▶ _Directions_
Would you reproduce exactly the lines below from the one holding "DS AUTOMOBILES 3" through the one holding "5227 Highview Drive Property Photo 7", inclusive, and no others?

Collection entries
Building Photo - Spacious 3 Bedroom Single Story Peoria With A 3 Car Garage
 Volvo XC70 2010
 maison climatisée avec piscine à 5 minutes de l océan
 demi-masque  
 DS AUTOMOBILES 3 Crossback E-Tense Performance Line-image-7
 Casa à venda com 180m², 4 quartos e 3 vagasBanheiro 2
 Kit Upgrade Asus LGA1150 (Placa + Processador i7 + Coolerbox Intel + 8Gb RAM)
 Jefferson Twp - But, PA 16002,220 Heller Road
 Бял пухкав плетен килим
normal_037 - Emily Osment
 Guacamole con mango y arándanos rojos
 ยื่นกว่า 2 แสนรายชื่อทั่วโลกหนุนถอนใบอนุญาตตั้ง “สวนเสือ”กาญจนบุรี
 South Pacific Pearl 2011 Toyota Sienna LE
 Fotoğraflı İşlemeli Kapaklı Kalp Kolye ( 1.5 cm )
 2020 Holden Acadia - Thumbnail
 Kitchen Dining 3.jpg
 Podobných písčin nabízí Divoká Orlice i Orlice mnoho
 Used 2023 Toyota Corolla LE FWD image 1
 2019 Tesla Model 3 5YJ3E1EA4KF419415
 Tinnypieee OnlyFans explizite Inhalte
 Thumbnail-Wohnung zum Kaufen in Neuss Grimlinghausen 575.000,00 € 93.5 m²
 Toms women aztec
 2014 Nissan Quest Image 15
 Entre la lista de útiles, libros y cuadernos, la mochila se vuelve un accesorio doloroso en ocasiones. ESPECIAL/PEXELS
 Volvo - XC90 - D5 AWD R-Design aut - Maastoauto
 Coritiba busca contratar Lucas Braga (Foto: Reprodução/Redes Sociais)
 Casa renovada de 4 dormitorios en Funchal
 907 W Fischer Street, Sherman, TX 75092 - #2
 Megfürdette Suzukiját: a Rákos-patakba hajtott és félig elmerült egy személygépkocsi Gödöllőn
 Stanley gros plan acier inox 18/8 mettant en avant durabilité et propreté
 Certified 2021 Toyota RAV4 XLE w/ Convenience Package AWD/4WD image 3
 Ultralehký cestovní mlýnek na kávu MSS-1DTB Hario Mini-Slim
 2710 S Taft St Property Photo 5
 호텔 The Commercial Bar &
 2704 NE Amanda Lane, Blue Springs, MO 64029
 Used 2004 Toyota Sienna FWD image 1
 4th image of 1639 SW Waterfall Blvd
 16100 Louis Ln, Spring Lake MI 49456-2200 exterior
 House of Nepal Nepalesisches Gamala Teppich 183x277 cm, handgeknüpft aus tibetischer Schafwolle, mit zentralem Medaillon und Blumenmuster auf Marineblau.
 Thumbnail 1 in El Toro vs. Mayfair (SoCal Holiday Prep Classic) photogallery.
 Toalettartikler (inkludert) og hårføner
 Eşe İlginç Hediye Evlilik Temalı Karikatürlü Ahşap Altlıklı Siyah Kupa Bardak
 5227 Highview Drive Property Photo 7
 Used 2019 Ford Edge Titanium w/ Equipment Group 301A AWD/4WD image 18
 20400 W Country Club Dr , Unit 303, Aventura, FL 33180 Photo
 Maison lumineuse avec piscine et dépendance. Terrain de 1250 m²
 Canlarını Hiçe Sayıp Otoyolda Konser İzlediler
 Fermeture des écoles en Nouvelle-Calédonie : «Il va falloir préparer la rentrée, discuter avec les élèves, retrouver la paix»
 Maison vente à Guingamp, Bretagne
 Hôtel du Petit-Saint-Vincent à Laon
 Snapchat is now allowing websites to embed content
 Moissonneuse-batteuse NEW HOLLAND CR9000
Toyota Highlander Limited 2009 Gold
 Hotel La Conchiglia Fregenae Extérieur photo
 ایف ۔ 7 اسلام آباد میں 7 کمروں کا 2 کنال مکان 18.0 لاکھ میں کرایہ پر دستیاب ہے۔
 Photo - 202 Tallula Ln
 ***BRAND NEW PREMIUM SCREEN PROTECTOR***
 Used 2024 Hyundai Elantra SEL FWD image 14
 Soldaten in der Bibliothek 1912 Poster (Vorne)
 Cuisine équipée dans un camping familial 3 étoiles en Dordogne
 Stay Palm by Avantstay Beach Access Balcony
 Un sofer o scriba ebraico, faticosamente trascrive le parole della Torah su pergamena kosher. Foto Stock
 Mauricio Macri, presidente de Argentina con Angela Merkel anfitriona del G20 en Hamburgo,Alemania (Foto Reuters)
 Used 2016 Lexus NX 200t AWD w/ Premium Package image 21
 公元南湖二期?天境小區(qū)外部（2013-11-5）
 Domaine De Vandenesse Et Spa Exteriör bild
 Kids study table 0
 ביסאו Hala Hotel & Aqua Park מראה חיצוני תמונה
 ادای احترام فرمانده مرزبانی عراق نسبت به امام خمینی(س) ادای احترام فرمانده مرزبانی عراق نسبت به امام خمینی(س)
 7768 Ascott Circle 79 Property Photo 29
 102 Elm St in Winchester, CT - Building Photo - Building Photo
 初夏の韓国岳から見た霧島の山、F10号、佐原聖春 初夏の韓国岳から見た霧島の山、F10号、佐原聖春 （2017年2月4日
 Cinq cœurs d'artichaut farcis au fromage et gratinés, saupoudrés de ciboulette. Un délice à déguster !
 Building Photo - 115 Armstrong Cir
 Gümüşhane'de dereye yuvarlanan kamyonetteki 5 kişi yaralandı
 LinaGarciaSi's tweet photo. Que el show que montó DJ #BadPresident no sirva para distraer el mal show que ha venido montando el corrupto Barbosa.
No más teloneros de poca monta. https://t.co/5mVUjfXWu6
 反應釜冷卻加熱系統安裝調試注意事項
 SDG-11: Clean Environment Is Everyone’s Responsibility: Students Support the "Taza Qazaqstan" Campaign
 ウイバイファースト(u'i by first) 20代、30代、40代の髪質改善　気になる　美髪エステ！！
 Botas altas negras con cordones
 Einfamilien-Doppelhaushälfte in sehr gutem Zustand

▶ _Solution to the exercise_
 DS AUTOMOBILES 3 Crossback E-Tense Performance Line-image-7
 Casa à venda com 180m², 4 quartos e 3 vagasBanheiro 2
 Kit Upgrade Asus LGA1150 (Placa + Processador i7 + Coolerbox Intel + 8Gb RAM)
 Jefferson Twp - But, PA 16002,220 Heller Road
 Бял пухкав плетен килим
normal_037 - Emily Osment
 Guacamole con mango y arándanos rojos
 ยื่นกว่า 2 แสนรายชื่อทั่วโลกหนุนถอนใบอนุญาตตั้ง “สวนเสือ”กาญจนบุรี
 South Pacific Pearl 2011 Toyota Sienna LE
 Fotoğraflı İşlemeli Kapaklı Kalp Kolye ( 1.5 cm )
 2020 Holden Acadia - Thumbnail
 Kitchen Dining 3.jpg
 Podobných písčin nabízí Divoká Orlice i Orlice mnoho
 Used 2023 Toyota Corolla LE FWD image 1
 2019 Tesla Model 3 5YJ3E1EA4KF419415
 Tinnypieee OnlyFans explizite Inhalte
 Thumbnail-Wohnung zum Kaufen in Neuss Grimlinghausen 575.000,00 € 93.5 m²
 Toms women aztec
 2014 Nissan Quest Image 15
 Entre la lista de útiles, libros y cuadernos, la mochila se vuelve un accesorio doloroso en ocasiones. ESPECIAL/PEXELS
 Volvo - XC90 - D5 AWD R-Design aut - Maastoauto
 Coritiba busca contratar Lucas Braga (Foto: Reprodução/Redes Sociais)
 Casa renovada de 4 dormitorios en Funchal
 907 W Fischer Street, Sherman, TX 75092 - #2
 Megfürdette Suzukiját: a Rákos-patakba hajtott és félig elmerült egy személygépkocsi Gödöllőn
 Stanley gros plan acier inox 18/8 mettant en avant durabilité et propreté
 Certified 2021 Toyota RAV4 XLE w/ Convenience Package AWD/4WD image 3
 Ultralehký cestovní mlýnek na kávu MSS-1DTB Hario Mini-Slim
 2710 S Taft St Property Photo 5
 호텔 The Commercial Bar &
 2704 NE Amanda Lane, Blue Springs, MO 64029
 Used 2004 Toyota Sienna FWD image 1
 4th image of 1639 SW Waterfall Blvd
 16100 Louis Ln, Spring Lake MI 49456-2200 exterior
 House of Nepal Nepalesisches Gamala Teppich 183x277 cm, handgeknüpft aus tibetischer Schafwolle, mit zentralem Medaillon und Blumenmuster auf Marineblau.
 Thumbnail 1 in El Toro vs. Mayfair (SoCal Holiday Prep Classic) photogallery.
 Toalettartikler (inkludert) og hårføner
 Eşe İlginç Hediye Evlilik Temalı Karikatürlü Ahşap Altlıklı Siyah Kupa Bardak
 5227 Highview Drive Property Photo 7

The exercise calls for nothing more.